━━━━━ Stored data ━━━━━
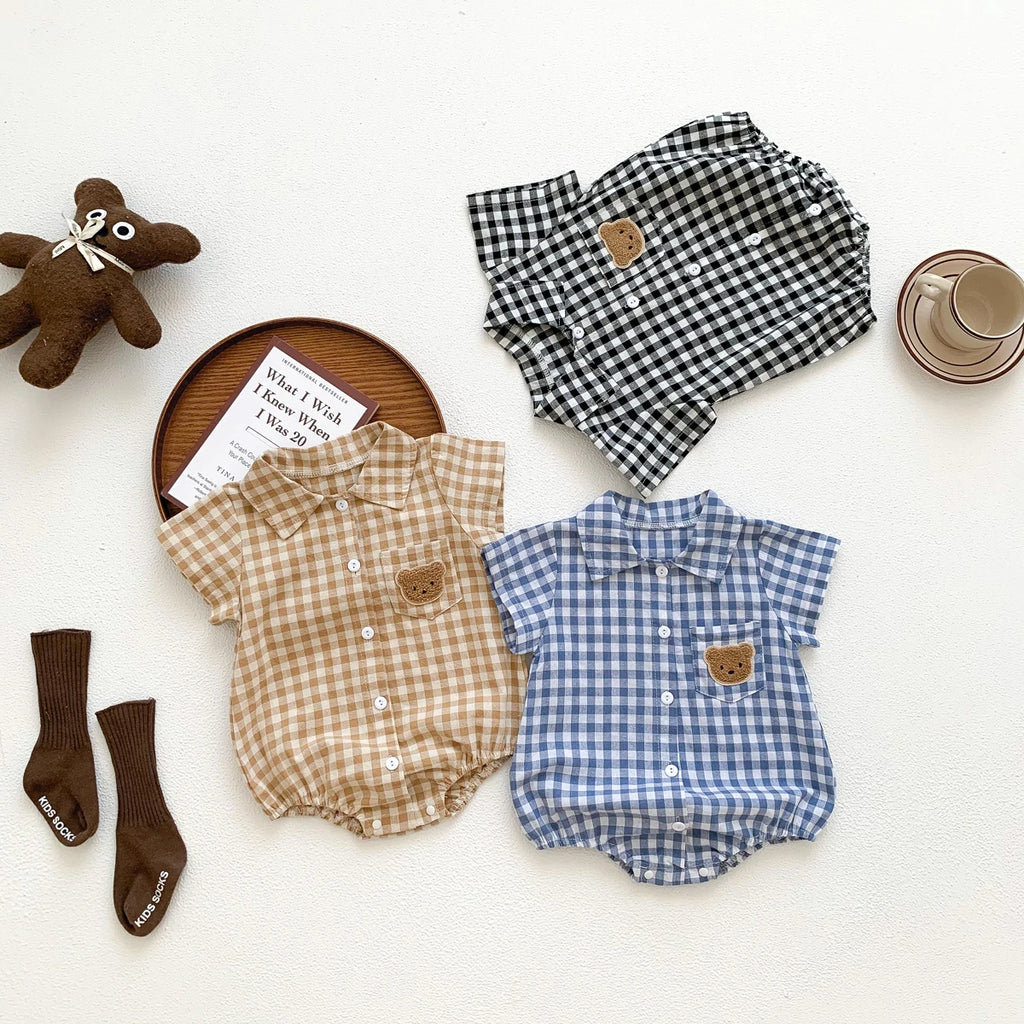 Baby Summer Clothes Boys Checked Bear Embroidered Shirt Collar Short-Sleeved Jumpsuit Children's Clothing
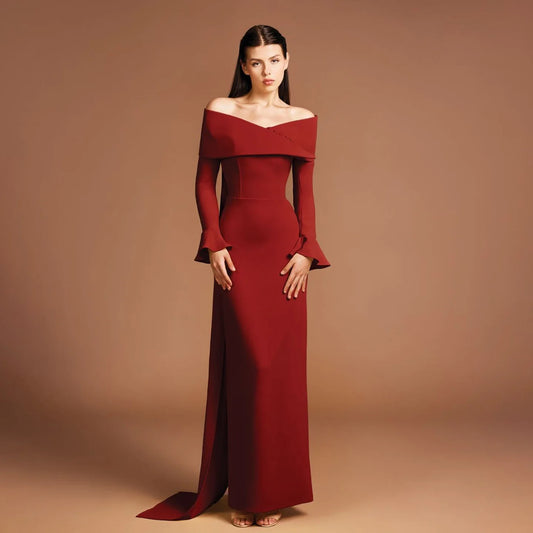 Glenda Off-Shoulder Wine Red Evening Dress with Flounce Long Sleeve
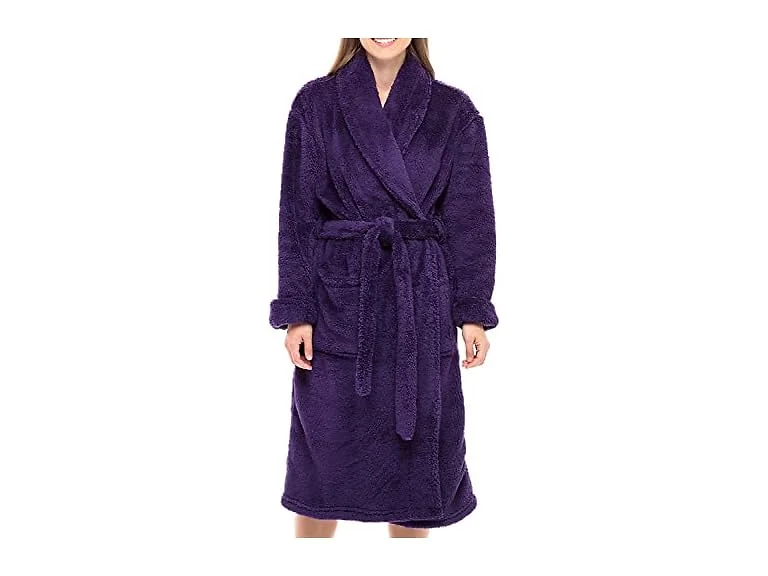Alexander Del Rossa Women (M) Sherpa Pockets Robe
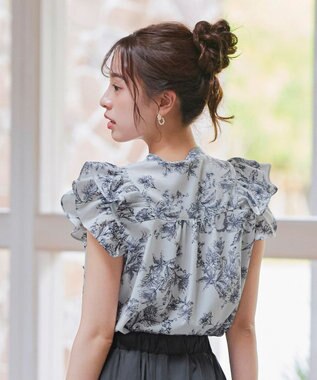 Tiaclasse 【新色追加・洗える】花柄フリルシャツブラウス グレー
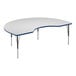 A white Correll activity table with a blue edge.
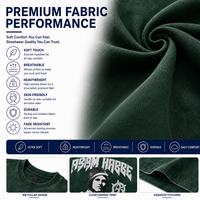 T-shirt Homme Oversize en Coton Streetwear Vert Personnalisé, Impression Sérigraphique, Délavé à l'Acide, Coupe Boxy Courte, Motif Graphique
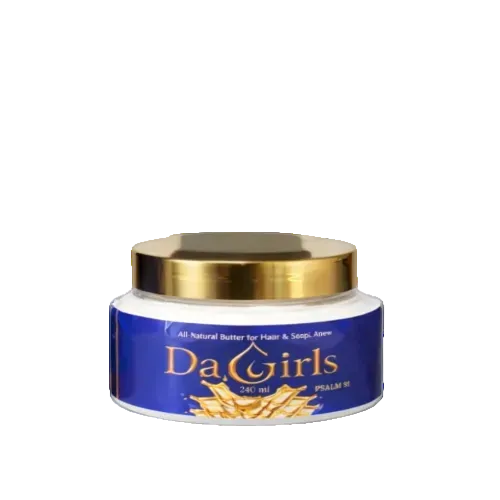 Jar of 'Da Girls' product with a gold lid on a gray background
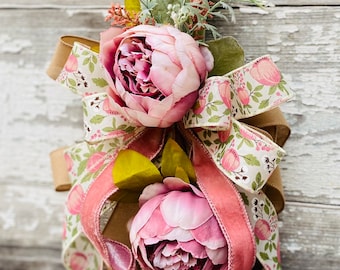 Peony Decor, Lantern Swag, Lantern Decor, Farmhouse Swag, Summer Centerpiece, Floral Door Decor, Peonies Bow, Lantern Swag, Summer Swag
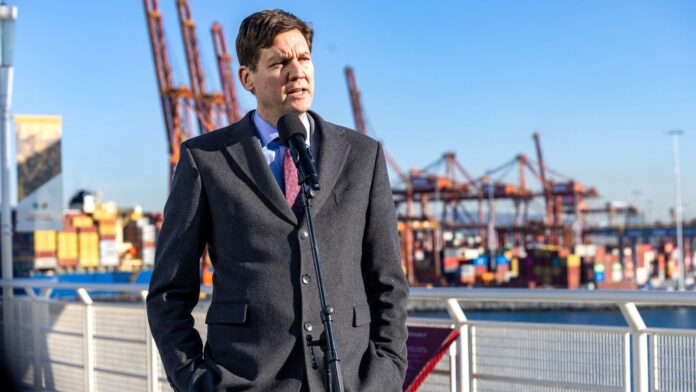 Premier David Eby talks about the threat of U.S. tariffs on January 28, 2025 | BC Government photo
━━━━━
#### Exercise objective
Of the lines above, quote exactly those from the one with "Glenda Off-Shoulder Wine" through the one with "A white Correll", ends included; pictures stay out.

#### Result
 Glenda Off-Shoulder Wine Red Evening Dress with Flounce Long Sleeve
Alexander Del Rossa Women (M) Sherpa Pockets Robe
 Tiaclasse 【新色追加・洗える】花柄フリルシャツブラウス グレー
 A white Correll activity table with a blue edge.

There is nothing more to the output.